2006-04-10 Thread Thomas Baumann
Austin Frank <[EMAIL PROTECTED]> writes:

> 1)  Do you find it to be more convenient to have one file per topic
> (research.org, personal.org, etc), or one directory per topic with
> more specific files within it (research/project1.org,
> personal/finances.org)?

I'm having all relevant data (projects, personal, other) in one file and
use the archive function to clean up the main file.

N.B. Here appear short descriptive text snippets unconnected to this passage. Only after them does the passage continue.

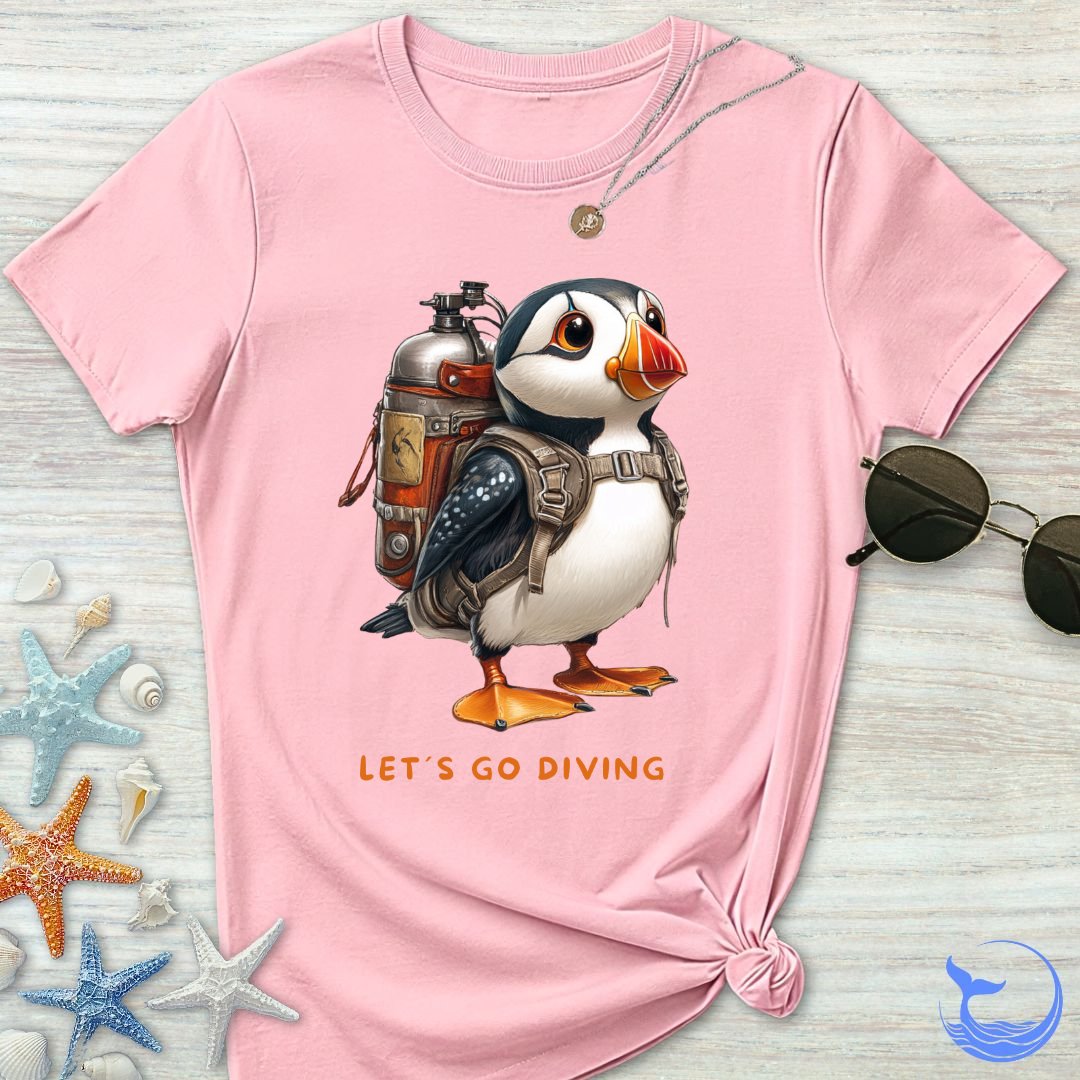 Diving Puffin Women's T-Shirt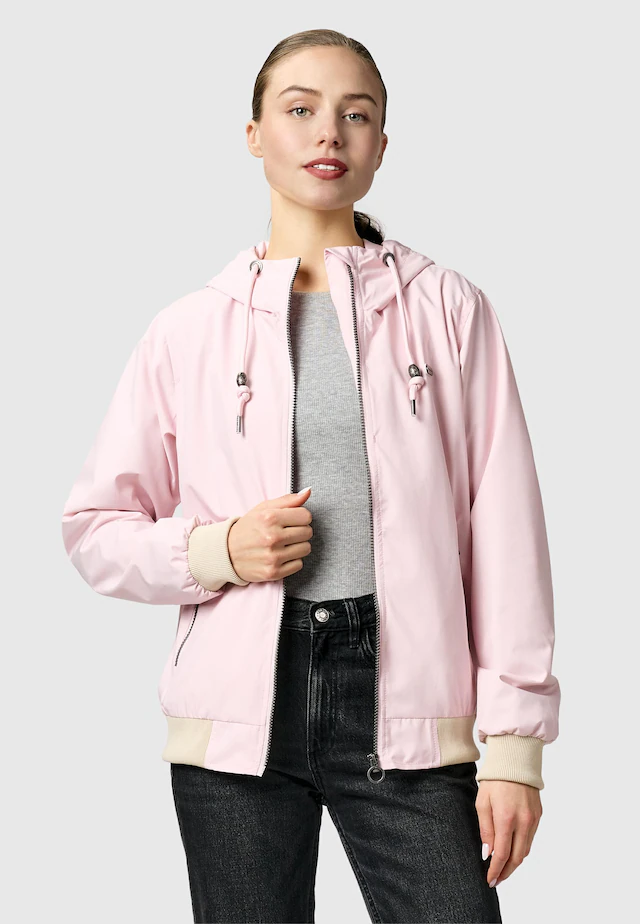 Ragwear Outdoorjacke »Nuggeta Summer YOUMODO« mit Kapuze Lässige Übergangsjacke mit Kapuze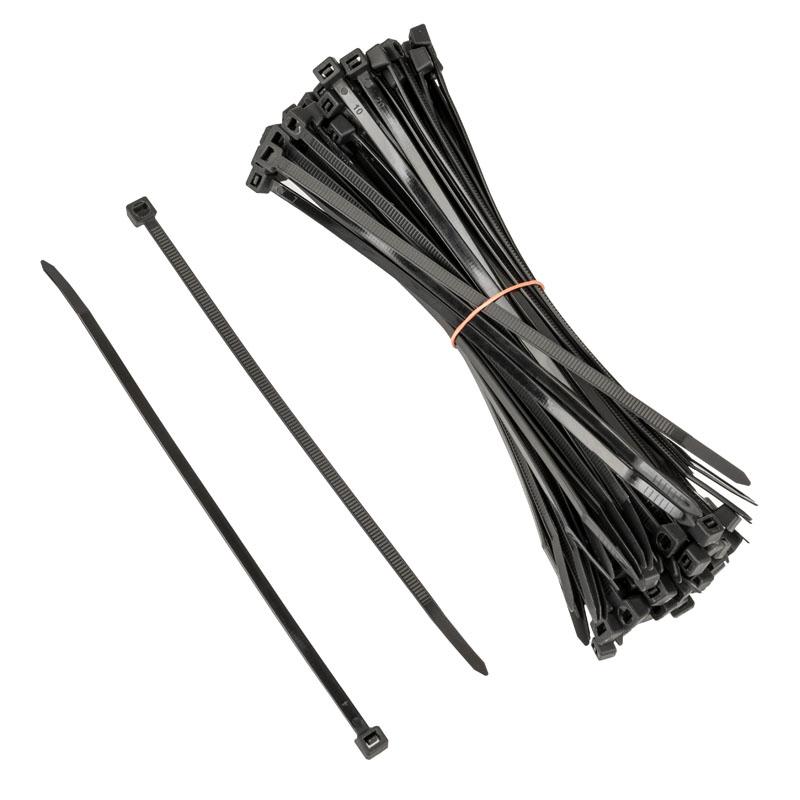 Kolink Black Cable Ties -...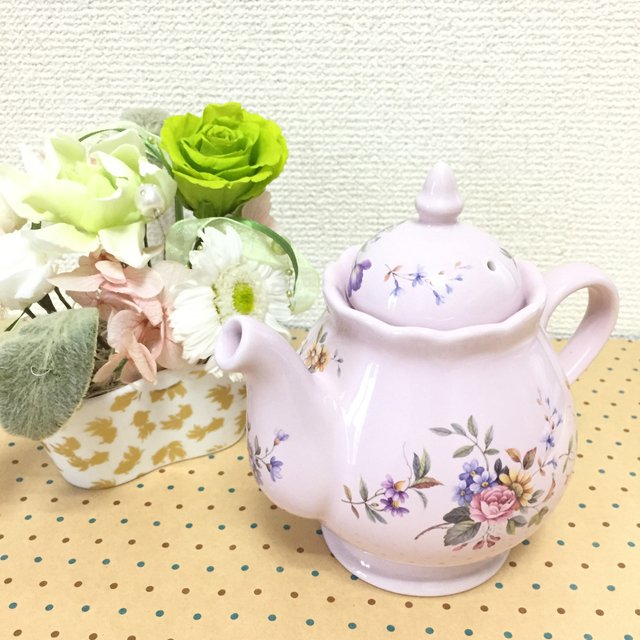 花柄ポット ハンドメイドマーケット Minne 花柄ポット ハンドメイドマーケット Minne
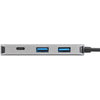 Targus USB-C Multi-Port Hub With 2x USB-A And 2x USB-C Ports With 100W PD Pass-Thru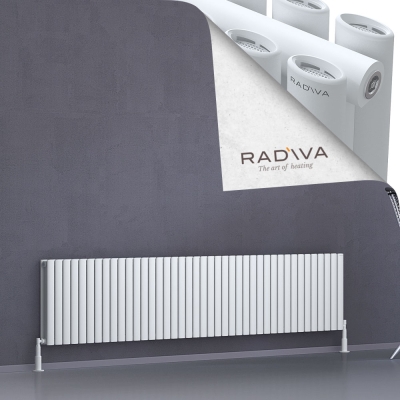 Radiva - Tano Alüminyum Radyatör 500x2370 Beyaz (1)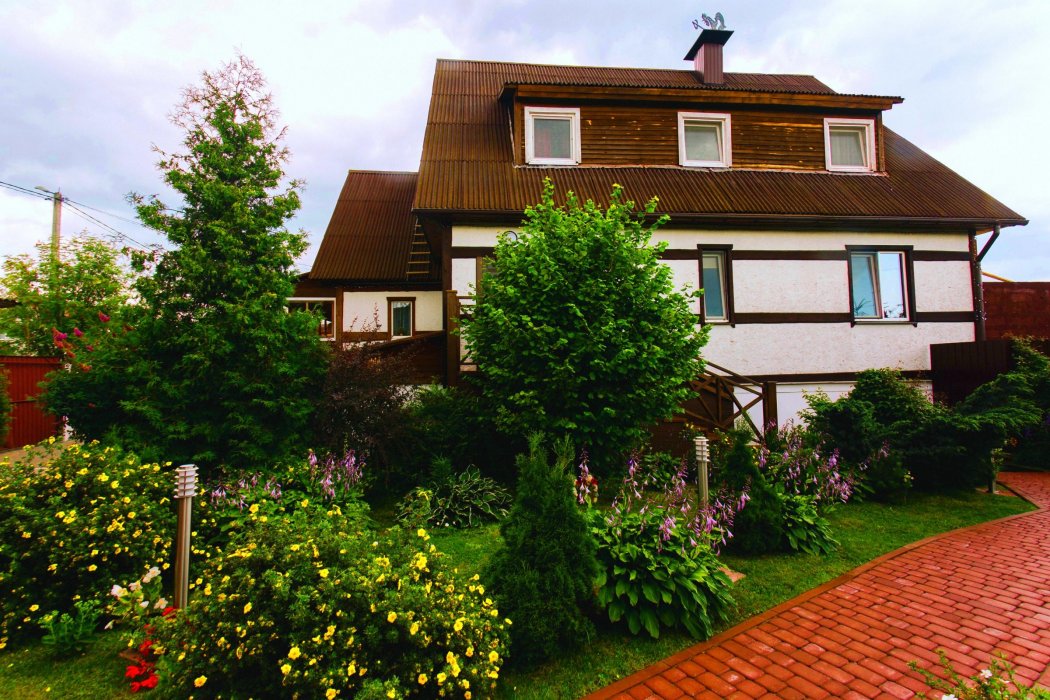 Усадьба  Wooden Villa / "Вуден Вилла" - Экстерьер - фото 19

Some very big files
are linked to my main file.


> 2)  Within an org file, do you find it more effective to maintain one
> tree for tasks and other trees for notes, or do you mix notes and
> tasks within the same trees?

mixed, I like to have everything together for export, printing and so
on.

> 3)  If you use remember with org, what role does it play in your work
> flow?  When do you find yourself reaching for a remember note instead
> of using an org link or editing an org file directly?

I don't use remember.

> 4)  Does anyone use timeclock.el with org?  Have you found other ways
> to track time allocation using built-in org functions?

Not really necessary, because org can calculate time spans and you can
easily insert timestamps with times.

> 5)  What's the one trick you're most pleased to have discovered, or
> the one feature that changed your routine most once you began to use
> it?

Having discovered org-mode in the NEWS section of emacs-22 certainly
changed the way I use emacs, thanks Carsten!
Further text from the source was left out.